# How much do you feed your Golden?



## Emmy1014 (Jul 28, 2008)

I adopted Maggie from a Golden Rescue when she was 3 years old. She is a small-boned dog. The paperwork I got showed her weighing 84 lbs when the Rescue had her spayed. I took her home about two weeks after her surgery. After 4 days, I saw blood on my rug and brought her to my Vet. She weighed 78 when they got her. She was a very sick dog. Tissue had been left in when she was spayed.

She went back up to 84 by the time I took her for her next routine visit. The Vet pointed out that she had gained 6 lbs and needed to loose weight. I got her down to 78, but that was as far as I could get. They tried Slentrol (??), but it didn't work for her. 
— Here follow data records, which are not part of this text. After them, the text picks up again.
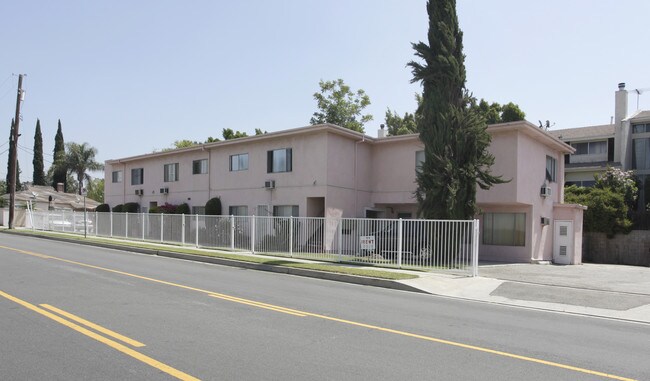 11854 Erwin St in North Hollywood, CA - Foto de edificio - Building Photo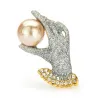 Main en cristal avec une perle - broche élégante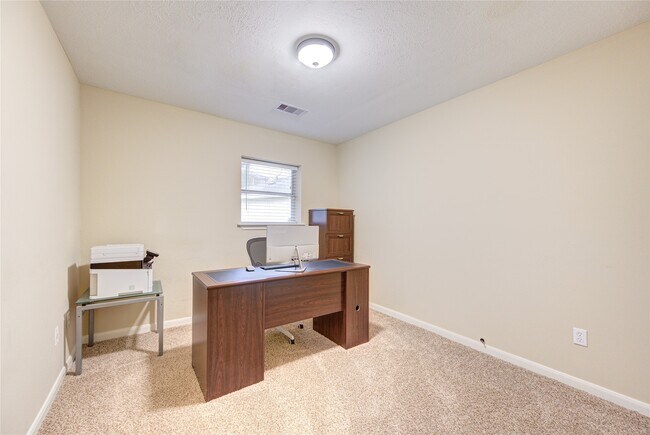 Building Photo - 12727 Westella Dr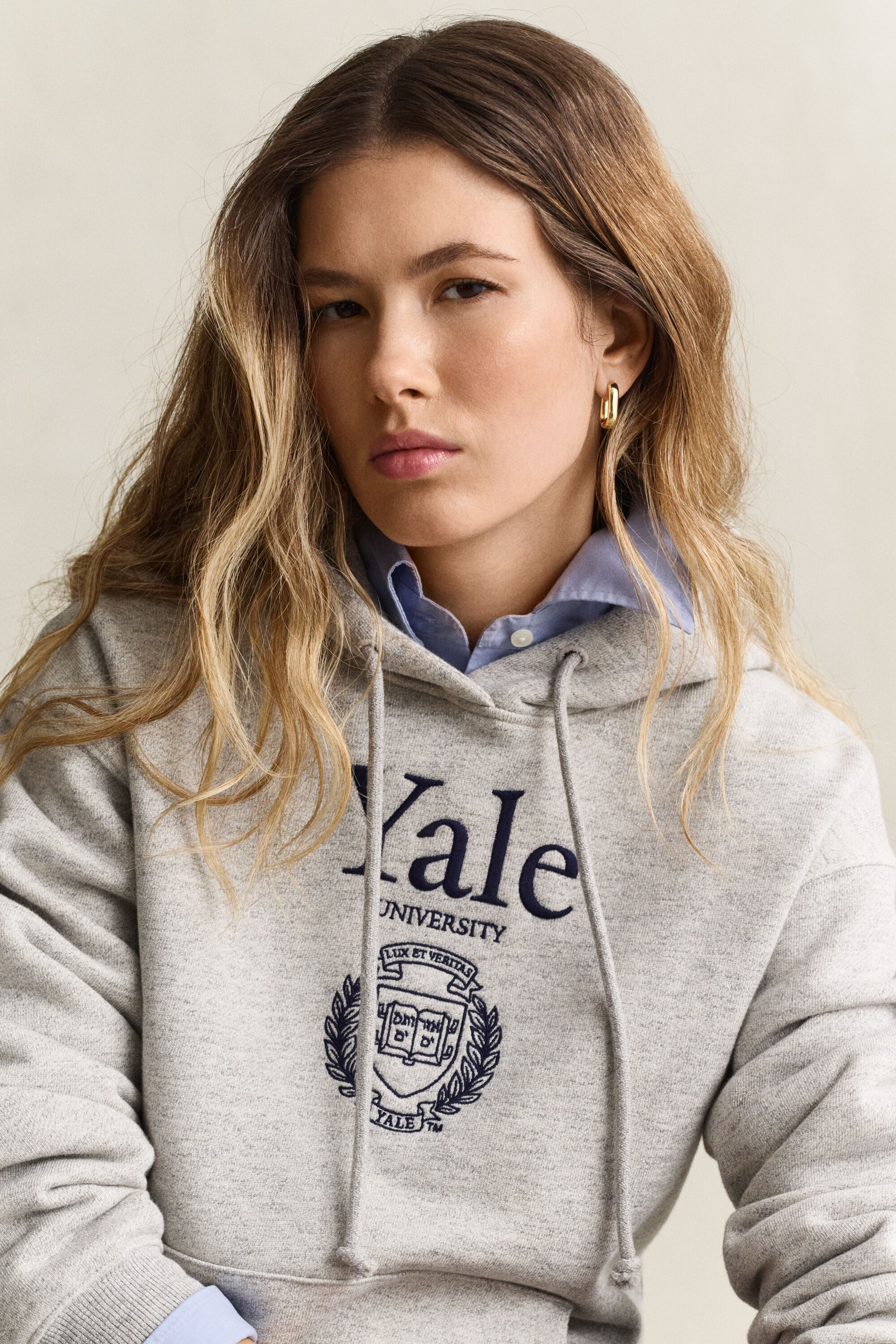 Sudadera con capucha y estampado Gant x Yale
She now weighs 73 lbs. She gets two cups of lite dry dog food. Her treats are carrots and maybe 4 or 5 of the smallest milk bones you can buy. The Vet wants her down to 68 lbs. She is 9 yo and starting to slow down. I can't imagine giving her less than 2 cups a day. I know dogs have different needs, but I might get some insight if I know what range is the norm for Goldens.


----------



## Finn's Fan (Dec 22, 2007)

How much to feed her depends on what you're feeding her. If you eat a veggie patty with no bun, your calories will be significantly lower than if you eat a big Mac. One cup of kibble has different calorie counts depending on the brand and type of food. I have a rescued, tall male dog who weighs 64 pounds and gets 1 cup of Canidae twice a day. It's not unreasonable to feed your girl 3/4 cup twice a day and make up some bulk with steamed vegetables....they're no cal!


----------



## Maxs Mom (Mar 22, 2008)

My dogs vary in size and depending on the time of year how much they are fed. I feed more in the summer as we are all more active. 

Maxine is my senior. As a pup I thought she would eat us out of house and home. She ate 9 cups of puppy food a day at 6 months. She was SKINNY, but then she stopped (eating that is). The next 10 years was a battle to get her to eat. She never looked too thin so she always ate what she needed. Her maximum weight (she is a big girl) was around 90 pounds. She is now around 70 and thin. Our vet wants us to keep her there as she is older, has had both knees operated on. She is active and healthy. She gets about 1 cup senior formula 2 times a day.

Teddi my young'un is taller than Max. She weighs right around 60 pounds. She is on the thin side of normal. Again we have to keep her thin, as she has HD (has had a THR on the right). She looks so much thinner than Max since Teddi has no under coat. She gets when she is active about 1 1/2 cups 2 times a day. 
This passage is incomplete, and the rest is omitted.